Introduction to Consensus

In decentralised systems, confirming transactions becomes tricky. The challenge is that the power of confirming a transaction shouldn’t lie in the hands of a single entity. There were several attempts to solve this challenge. The mechanism to confirm these transactions in a decentralised manner is referred to as consensus.

Proof of Work

In the beginning, we started with the proof-of-work consensus mechanism. Here, the entity confirming a transaction needs to solve a mathematical problem in order to validate transactions. Hence, every entity in the decentralised network has equal opportunities to validate transactions as long as they make adequate investments in mining resources.

However, this brought a new problem. The proof-of-work consensus mechanism turned out costly. It has been estimated that by 2020, the first system which implemented this mechanism needs the same energy that is required to power the entire United States.

Proof of Stake

Since the cost was too high, innovators brought in the proof-of-stake mechanism. Here the entity validating transactions needs to put their money at stake. If they behave maliciously they will lose their staked money. Though is was cost-effective, there is still the question: do we achieve true decentralisation?

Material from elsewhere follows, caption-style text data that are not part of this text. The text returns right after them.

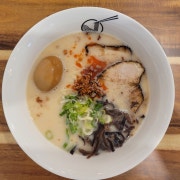 돈코츠라멘(풀토핑) 메뉴 사진(네이버)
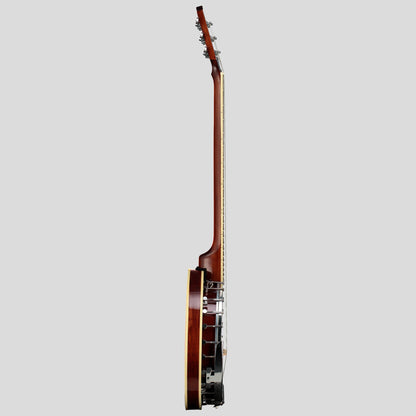 Heartland 6-saitiges Gitarrenbanjo mit festem Boden, irisches Gitarrenbanjo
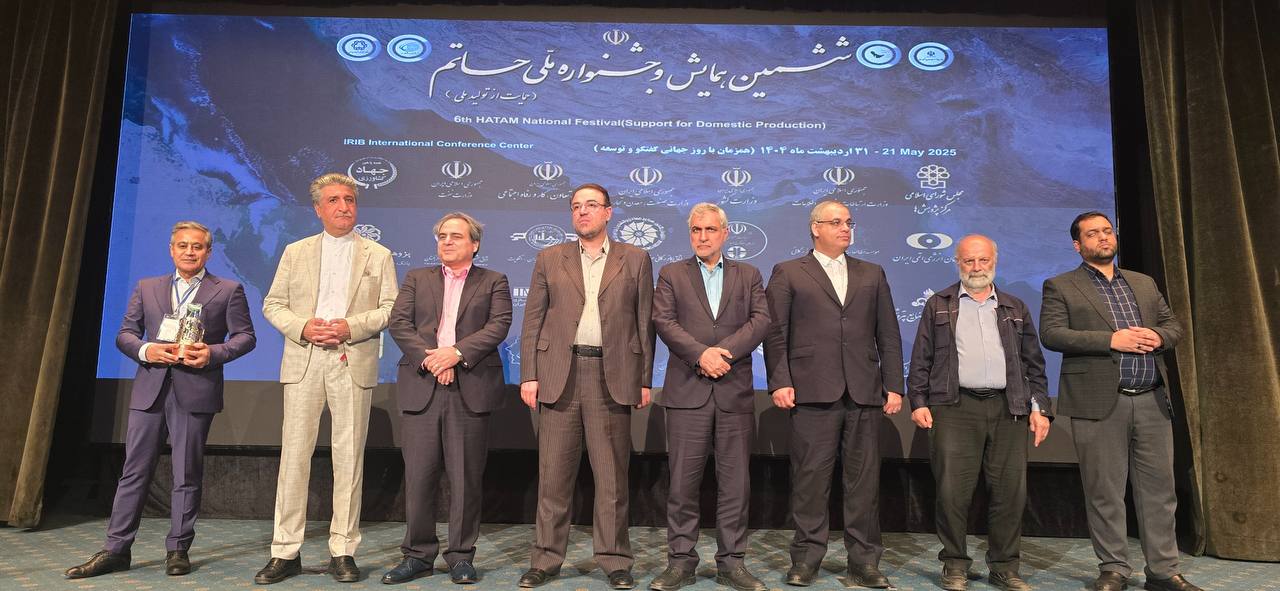 درخشش پتروشیمی مارون در جشنواره ملی حاتم / کسب نشان ویژه برند مسئولیت‌پذیر (CSR)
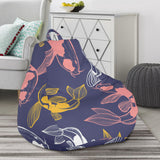Koi Fish Carp Fish Pattern Bean Bag Cover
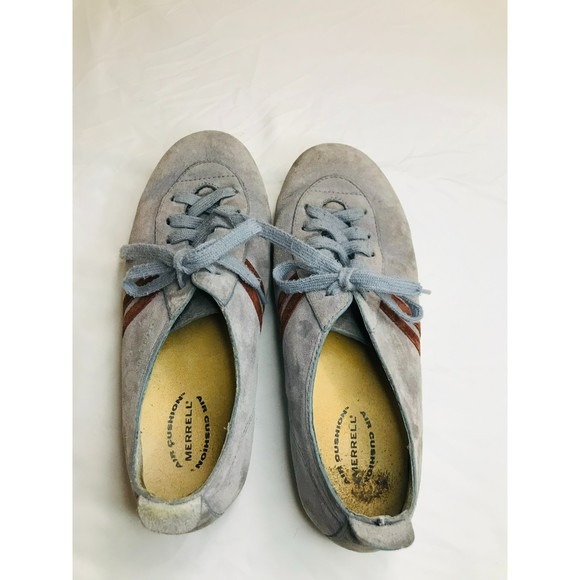 Merrill Women's Duet Sport Denim Hiking Shoes, Size 9 - Picture 2 of 6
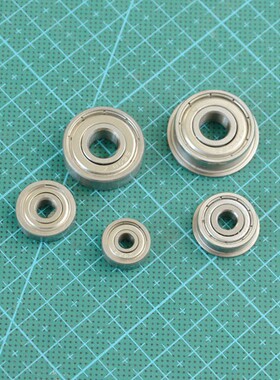SUS 440C不锈钢深沟球轴承带法兰 625Z SF608/SF625/SF688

The minimum amount of investment required to participate in the popular proof-of-stake system is around 1250 ETH (~$220k on 16/11/2018). Hence the power to become a participant in this mechanism is only for the wealthy. They are small in number, hence the power of validation lies in the hands of a few.

Proof of Authority

This problem forced us to innovate and bring in a new consensus mechanism: proof of authority. This mechanism is carried out through three algorithms.

Algorithm 1: Approval of the list of validating nodes

In proof of authority, one doesn’t have to spend excessive energy or need to be wealthy to confirm transactions. However, they need to register into the network and win the votes of existing entities. If the entity behaves maliciously they can be voted out.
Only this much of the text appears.